F1 DIARY - TAPPA 11, GARA

Immagine tratta da forum-auto.com e modificata su befunky.com
Il dubbio. Perchè allora il dubbio si insinua. Prima nella testa di Lewis e poi in quella di tutti gli altri. E se in Mercedes gli stessero realmente facendo le scarpe?
Quel "fai passare Nico", su una strategia e gomme diverse, nel corso della gara è il punto focale, forse della stagione intera.
Assieme alla presa di posizione di Hamilton, in diretta e in differita. In diretta si rifiuta, dicendo al team che Rosberg avrebbe dovuto avvicinarsi per accampare una pretesa del genere. E in differita aggiunge che "Il mio lavoro non è far passare gli altri".

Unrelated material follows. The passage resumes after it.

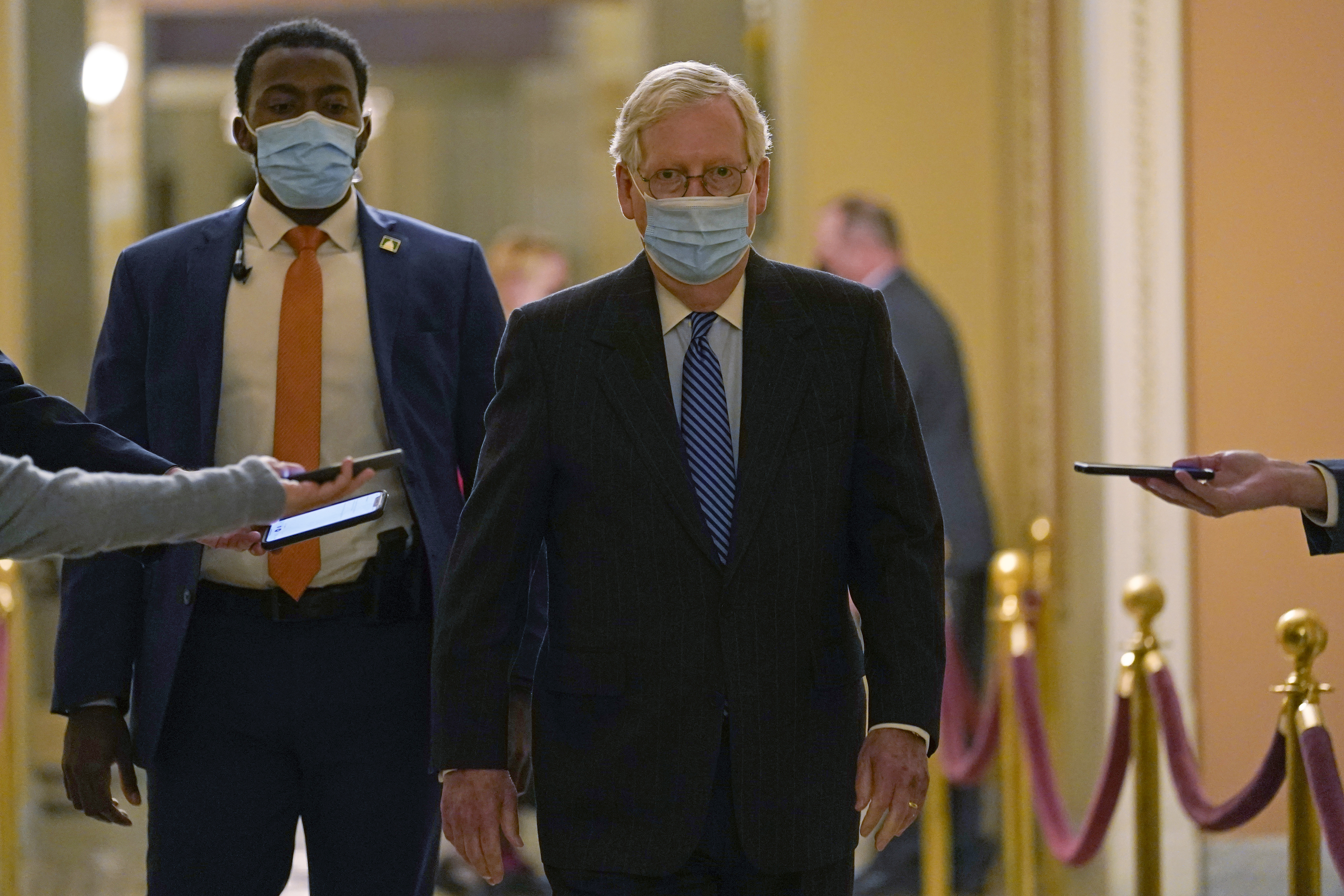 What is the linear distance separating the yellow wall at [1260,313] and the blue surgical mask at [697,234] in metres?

Bene, il duello è servito. Hamilton termina 3°. Rosberg 4°. Tra i due 11 miseri punticini a favore del Biondo. 
Con il Nero che rimugina, mastica amaro, riflette. Troppe rotture, troppe frasi sibilline.
Non è che non siamo Paperini ma Sabotatini o Schieratini tutti verso il bel principe tedesco Rosberg?

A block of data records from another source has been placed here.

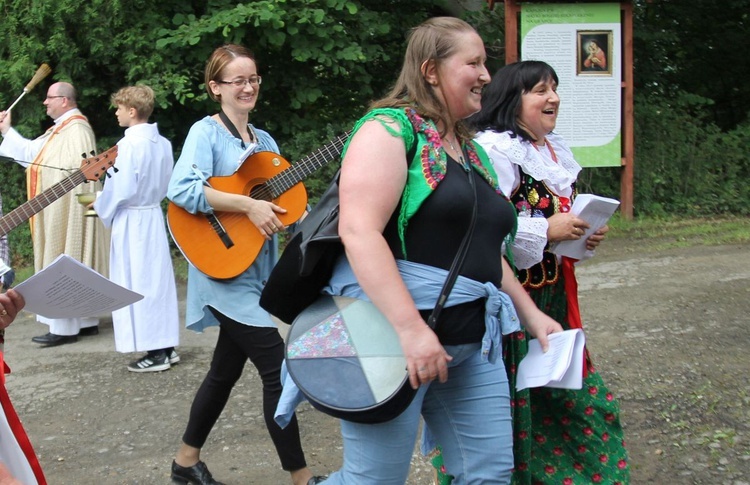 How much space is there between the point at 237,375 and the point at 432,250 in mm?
1825

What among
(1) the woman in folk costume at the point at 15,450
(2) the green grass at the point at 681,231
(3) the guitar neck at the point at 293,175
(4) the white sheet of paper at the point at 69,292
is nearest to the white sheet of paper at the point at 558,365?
(4) the white sheet of paper at the point at 69,292

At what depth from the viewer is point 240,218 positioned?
161 inches

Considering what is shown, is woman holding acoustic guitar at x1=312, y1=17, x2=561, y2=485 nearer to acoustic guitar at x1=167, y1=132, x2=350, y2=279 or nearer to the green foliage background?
acoustic guitar at x1=167, y1=132, x2=350, y2=279

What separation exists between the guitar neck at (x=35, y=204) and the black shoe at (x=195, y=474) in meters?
1.28

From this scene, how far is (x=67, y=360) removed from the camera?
6527 millimetres

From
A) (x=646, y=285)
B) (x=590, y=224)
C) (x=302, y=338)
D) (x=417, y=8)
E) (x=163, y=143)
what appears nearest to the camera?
(x=302, y=338)

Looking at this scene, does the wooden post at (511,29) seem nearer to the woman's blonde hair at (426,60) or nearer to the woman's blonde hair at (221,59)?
the woman's blonde hair at (221,59)

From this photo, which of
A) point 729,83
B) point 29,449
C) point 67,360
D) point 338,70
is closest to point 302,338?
point 29,449

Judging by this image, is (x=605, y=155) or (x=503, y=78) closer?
(x=503, y=78)

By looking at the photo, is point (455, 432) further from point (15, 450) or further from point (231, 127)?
point (231, 127)

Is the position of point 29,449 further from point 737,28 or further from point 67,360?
point 737,28

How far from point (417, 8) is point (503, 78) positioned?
7.95 meters

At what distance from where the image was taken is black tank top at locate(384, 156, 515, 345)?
250 centimetres

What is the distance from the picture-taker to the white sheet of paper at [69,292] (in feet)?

Un mese di vacanza ora, che sicuramente il duo Mercedes non trascorrerà assieme.
Oh, ma poi Ricciardo è un gran manico. Un grandissimo manico. Sta svergognando Vettel. Quel quadricampione fenomenale fortissimo. E lo sta svergognando con prestazioni clamorose, con sorpassi memorabili. Con cattiveria e con fame.

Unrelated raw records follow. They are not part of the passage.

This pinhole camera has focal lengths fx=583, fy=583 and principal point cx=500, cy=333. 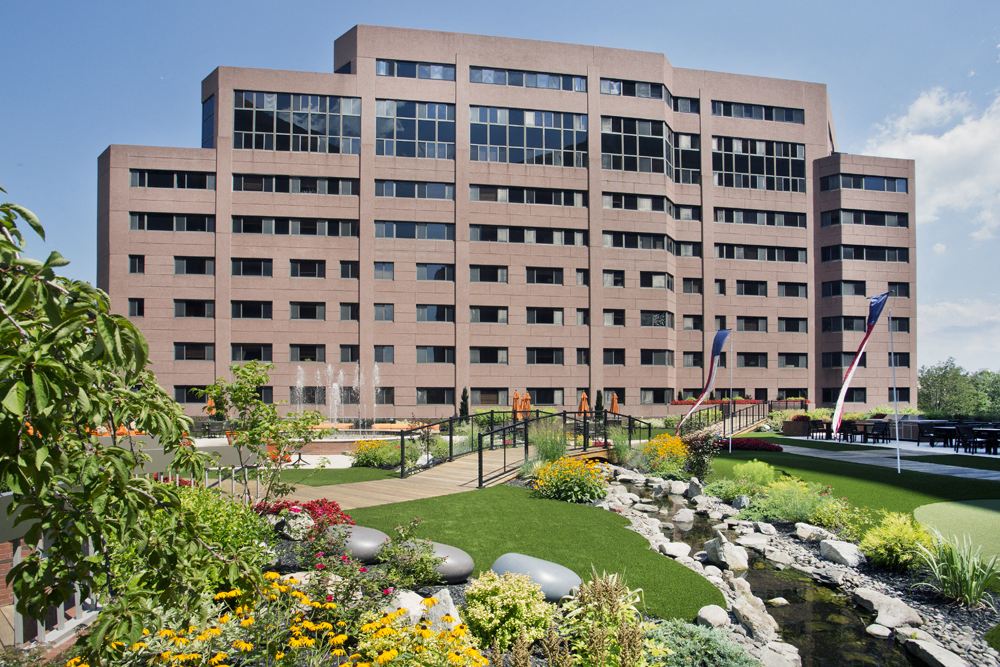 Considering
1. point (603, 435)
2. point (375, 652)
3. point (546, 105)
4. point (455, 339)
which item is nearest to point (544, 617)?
point (375, 652)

E oggi ha vinto. Alla seconda vittoria stagionale e in carriera. In questa stagione, contro Vettel nel box, e contro le Mercedes spaziali. Chapeau, ben arrivato al nuovo fenomeno a 52 denti.
E la Ferrari piazza una reazione. Di squadra. Questa è la Ferrari che si chiede a gran voce da inizio anno. La macchina non va, ma che si sfrutti ogni strategia, ogni millimetro di tattica per recuperare. 2° Nando e 6° Kimi. Le migliori prestazioni dell'anno. L'esperienza dei piloti al servizio di un rischio tattico finalmente azzeccato. Magistrale la gara di Alonso, che ha chiuso alla piazza d'onore e sulle tele. Lottando come un leone. E lode a Kimi, da 16° a 6°, anche lui andato lungo nelle soste per recuperare. Da squadra si può uscire a testa alta da una situazione nera come quella del 2014. Con entrambi i piloti. Che non sono il problema della Rossa.
La F1 turbo è bella. Ogni gara combattuta ed equilibrata, se escludiamo le Mercedes (oggi relegate indietro da pioggia e safety car). Alla fine dopo il periodo iniziale di ambientamento, stiamo vedendo un po' di spettacolo. Bene così.